INFORMATION REQUIRED TO BE DELIVERED TO OFFEREES OR PURCHASERS

 

 

 

 

This short form prospectus is a base shelf prospectus and has been filed under legislation in each of the provinces and territories of Canada that permits certain information about these securities to be determined after this prospectus has become final and that permits the omission from this prospectus of that information. The legislation requires the delivery to purchasers of a prospectus supplement containing the omitted information within a specified period of time after agreeing to purchase any of these securities, except in cases where an exemption from such delivery requirements is available. This short form prospectus is filed in reliance on an exemption from the preliminary base shelf prospectus requirements for a well-known seasoned issuer.

 

No securities regulatory authority has expressed an opinion about these securities and it is an offence to claim otherwise. This short form base shelf prospectus constitutes a public offering of these securities only in those jurisdictions where they may be lawfully offered for sale and therein only by persons permitted to sell such securities.

 

Information has been incorporated by reference in this short form base shelf prospectus from documents filed with securities commissions or similar authorities in Canada. Copies of the documents incorporated herein by reference may be obtained on request without charge from the Corporate Secretary of Orla Mining Ltd. at Suite 1010, 1075 West Georgia Street, Vancouver, British Columbia, V6E 3C9, telephone (604) 564-1852, and are also available electronically at www.sedar.com.

 

SHORT FORM BASE SHELF PROSPECTUS

 

NewIssue and/or Secondary Offering  April 13, 2023

 

 

 

ORLA MINING LTD.

 

Common Shares
Warrants
Subscription Receipts
Units
Debt Securities

 

This short form base shelf prospectus (this “Prospectus”) relates to the offering for sale from time to time (each, an “Offering”), during the 25-month period that this Prospectus, including any amendments hereto, remains effective, of the securities of Orla Mining Ltd. (“Orla” or the “Corporation”) listed above (the “Securities”) in one or more series or issuances. The Securities may be offered separately or together, in amounts, at prices and on terms to be determined based on market conditions at the time of the sale and set forth in an accompanying prospectus supplement (a “Prospectus Supplement”). This Prospectus may also qualify an “at-the-market distribution” as defined in National Instrument 44-102 – Shelf Distributions (“NI 44-102”) of the Canadian Securities Administrators.

 

We are permitted, under a multi-jurisdictional disclosure system adopted by the securities regulatory authorities in Canada and the United States, to prepare this Prospectus in accordance with Canadian disclosure requirements, which are different from United States disclosure requirements. We prepared our Annual Financial Statements (as defined herein), which are incorporated by reference herein, in United States dollars and in accordance with International Financial Reporting Standards (“IFRS”), as issued by the International Accounting Standards Board (“IASB”). As a result, they may not be comparable to financial statements of U.S. companies.
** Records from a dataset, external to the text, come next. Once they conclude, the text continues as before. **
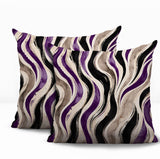 Clark Zebra Print Indoor/Outdoor Reversible Square Pillow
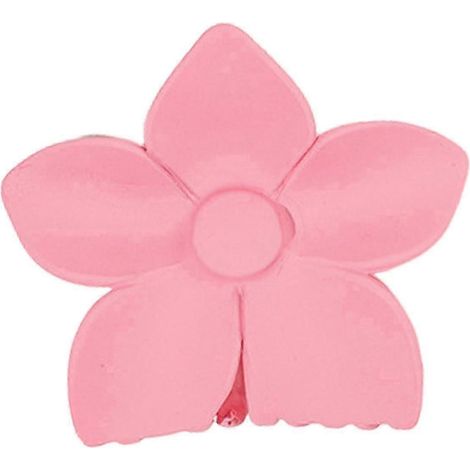 Pince à cheveux en forme de fleur, dents croisées, design antidérapant, forte adhérence, pince à cheveux pour l'arrière de la tête-Pink (1/5)
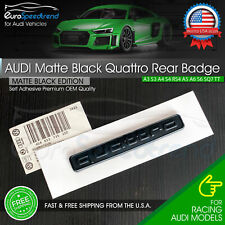 Audi Matte Black Quattro Emblem 3D Badge Rear Liftgate Trunk OEM for A3 A4 A5 A6 picture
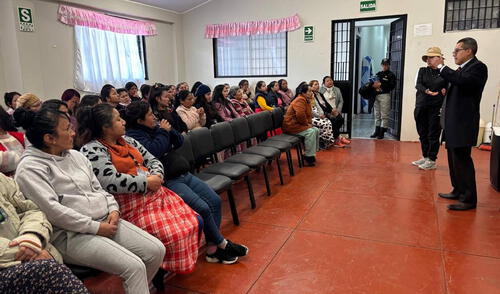 La actividad en el penal de Concepción contó con la participación activa de las internas. Fuente: Difusión.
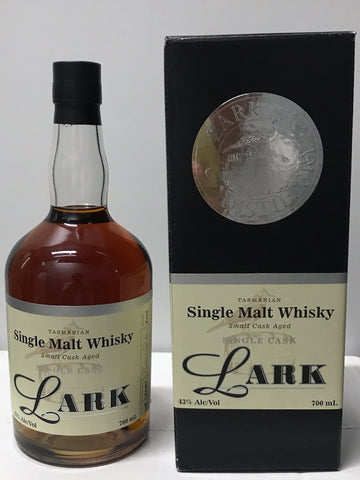 Lark Small Cask Aged Port Cask Matured 2013 Release Cask No 406 Tasmanian Single Malt Whisky - Historic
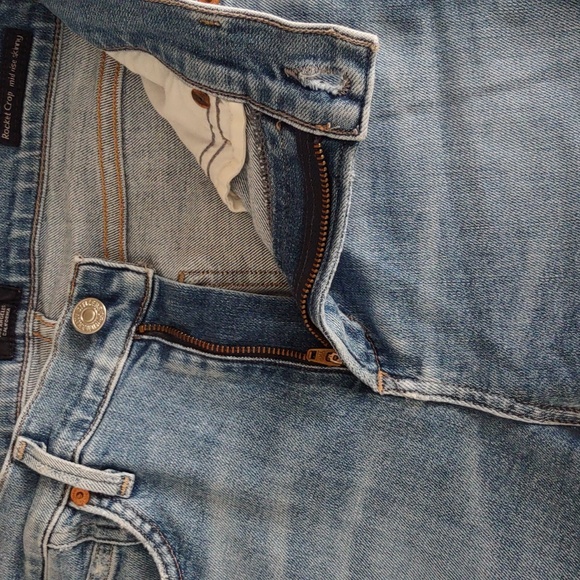 Citizens Of Humanity Size 25 Rocket Crop Midrise Skinny Distressed Blue Jeans - Picture 12 of 16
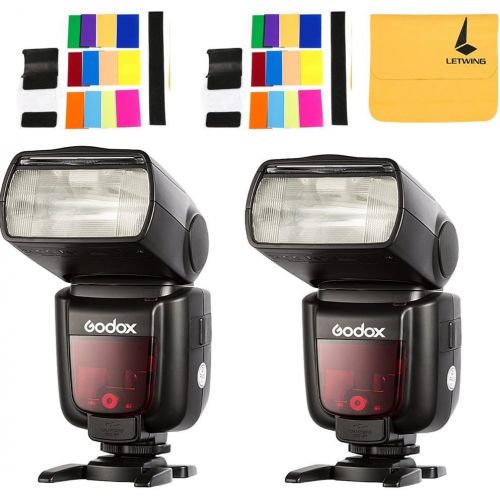  Godox GODOX TT685F HSS 2.4G TTL GN60 2X Camera Flash High-Speed Sync External Compatible Fujifilm Camera X-Pro2 X-T20 X-T1 X-T2 X-Pro1 X100F,GODOX X1T-F Flash Trigger Compatible Fuji DSL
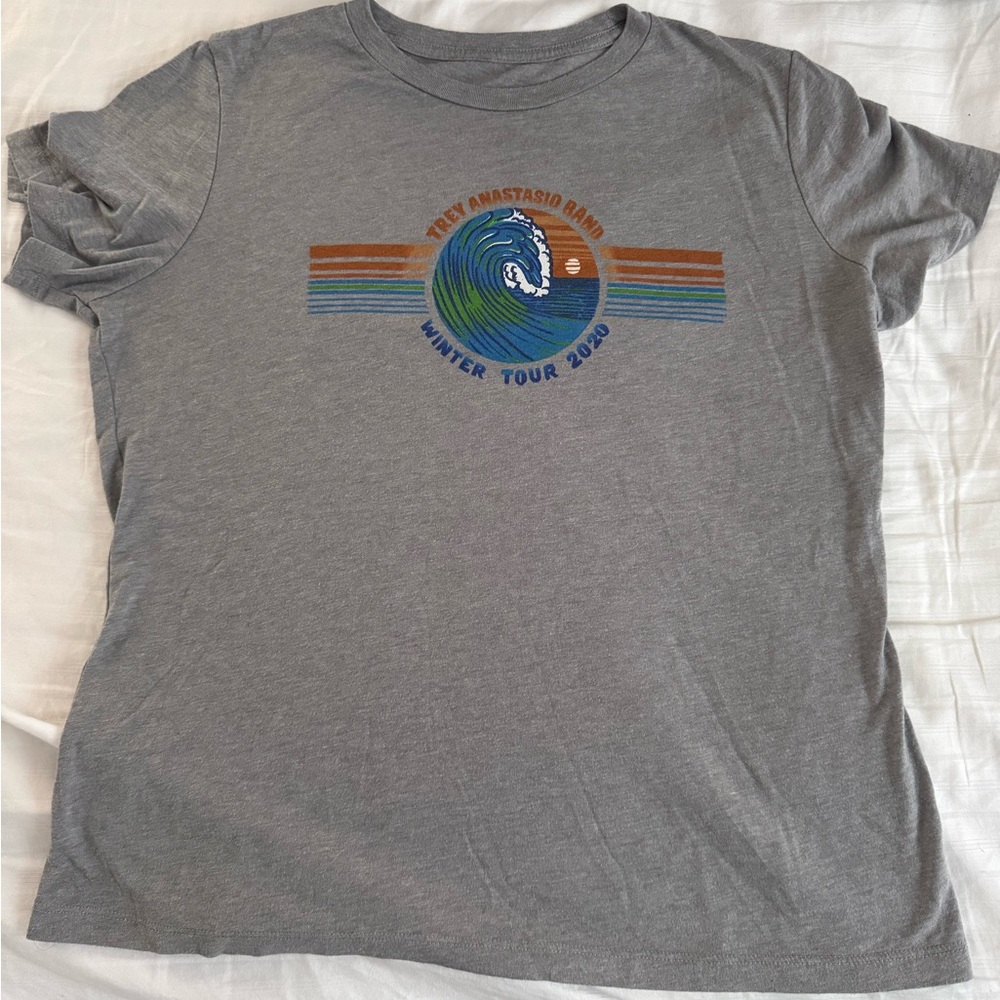 Trey Anastasio Band Winter Tour 2020 Gray Graphic T-Shirt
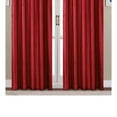 thumbnail image 5 of RT Designers Collection Nikki Faux Silk Rod Pocket Curtain Panel - 54 x 95, Red, 5 of 5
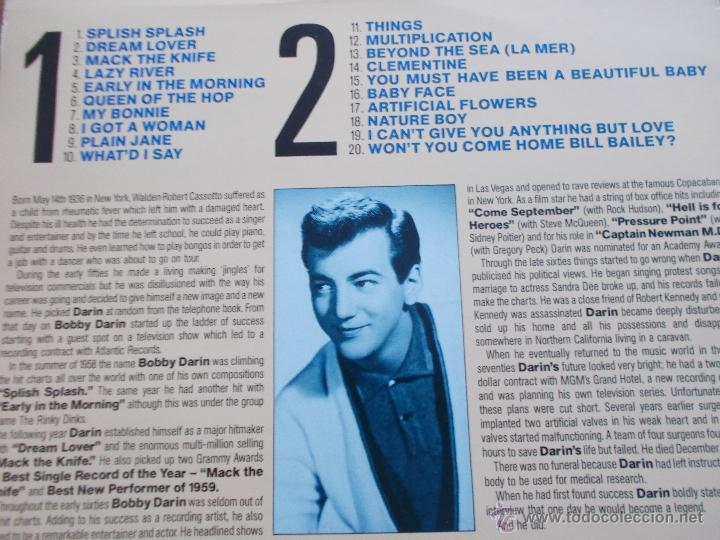 Discos de vinilo: BOBBY DARIN - Foto 3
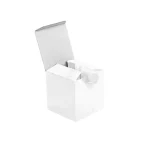 11x11x11 cm Ofset Kupa Bardak Kutusu - Beyaz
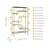 Carbone Marble-Look 5-Tier Display Bookcase Shelf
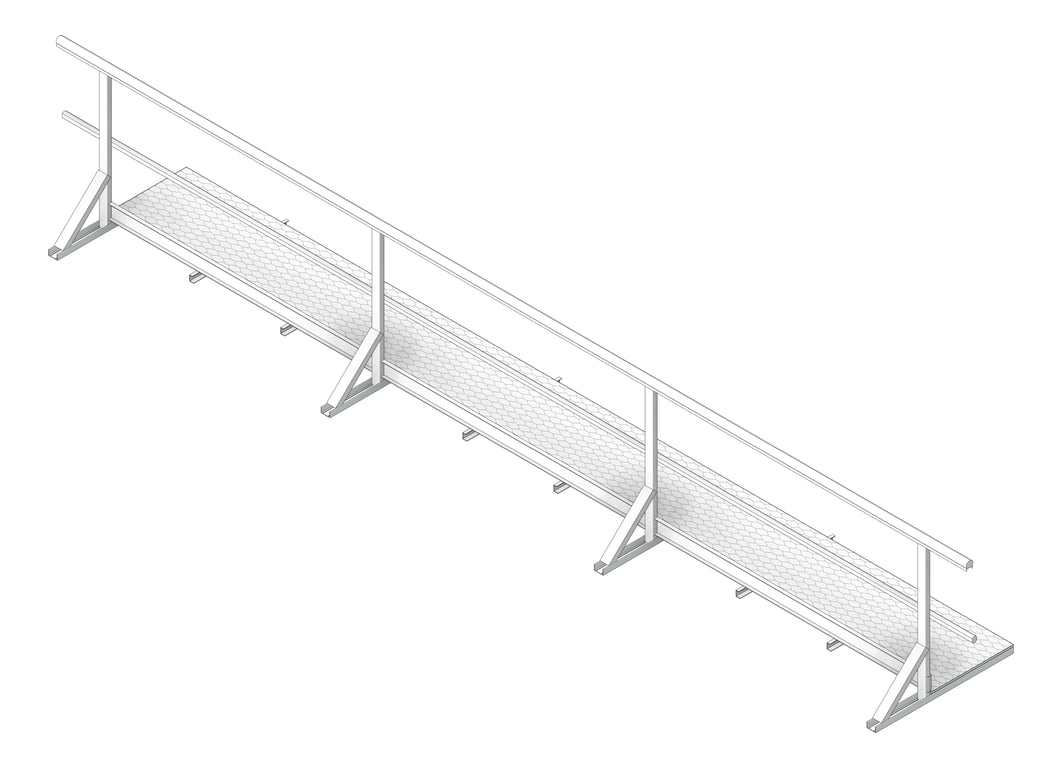 Image of Walkway Kattsafe Guardrail1Side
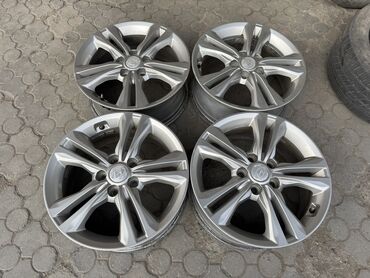 Диски: Литые Диски R 17 Hyundai, Комплект, отверстий - 5, Б/у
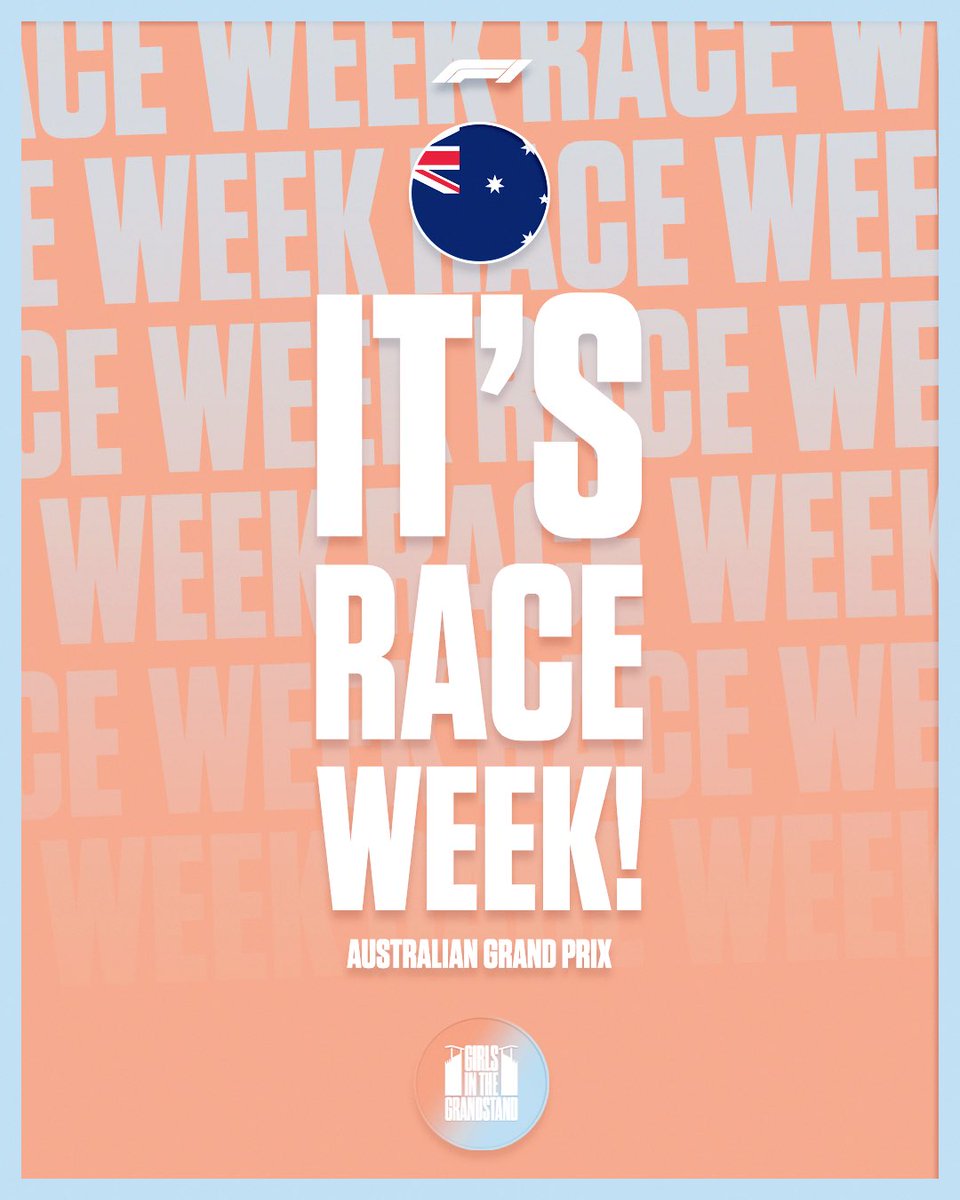 git_grandstand's tweet photo. We can finally say for the first time in 2026, it’s race week! 
Of course we are in Melbourne for the #AustralianGP who’s excited to see what this new era brings? https://t.co/AtgX4mzUuR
Unless otherwise stated in the relevant financial statements, annual financial statements which will be deemed incorporated by reference herein in the future, or which may form part of a Prospectus Supplement in the future, will be prepared in accordance with IFRS as issued by the IASB and interim financial statements which will be deemed incorporated by reference herein in the future, or which may form part of a Prospectus Supplement in the future, will be prepared in accordance with International Accounting Standards 34 – Interim Financial Reporting (“IAS 34”).

 

Prospective investors should be aware that the acquisition and disposition of the Securities may have tax consequences both in the United States and in Canada. Such tax consequences, including for investors who are resident in, or citizens of, the United States or Canada, are not described in this Prospectus and may not be fully described in any applicable Prospectus Supplement. Investors should read the tax discussion in any Prospectus Supplement with respect to a particular Offering and consult their own tax advisor with respect to their own particular circumstances.

 

 

 

 

Neither the United States Securities and Exchange Commission (the “SEC”), ANY Canadian securities regulator, nor any state securities regulator, has approved or disapproved the Securities offered hereby or passed upon the accuracy or adequacy of this Prospectus or determined if this prospectus IS truthful or complete. Any representation to the contrary is a criminal offence.

 

As of the date hereof, the Corporation has determined that it qualifies as a “well-known seasoned issuer” under the WKSI Blanket Orders (as defined below). See “Well-Known Seasoned Issuer”. All information permitted under applicable law, including as permitted under the WKSI Blanket Orders, to be omitted from this Prospectus will be contained in one or more Prospectus Supplements that will be delivered to purchasers together with this Prospectus, except in cases where an exemption from such delivery requirements is available. Each Prospectus Supplement will be incorporated by reference into this Prospectus for the purposes of securities legislation as of the date of the Prospectus Supplement and only for the purposes of the distribution of the Securities to which the Prospectus Supplement pertains. You should read this Prospectus and any applicable Prospectus Supplement carefully before you invest in any Securities.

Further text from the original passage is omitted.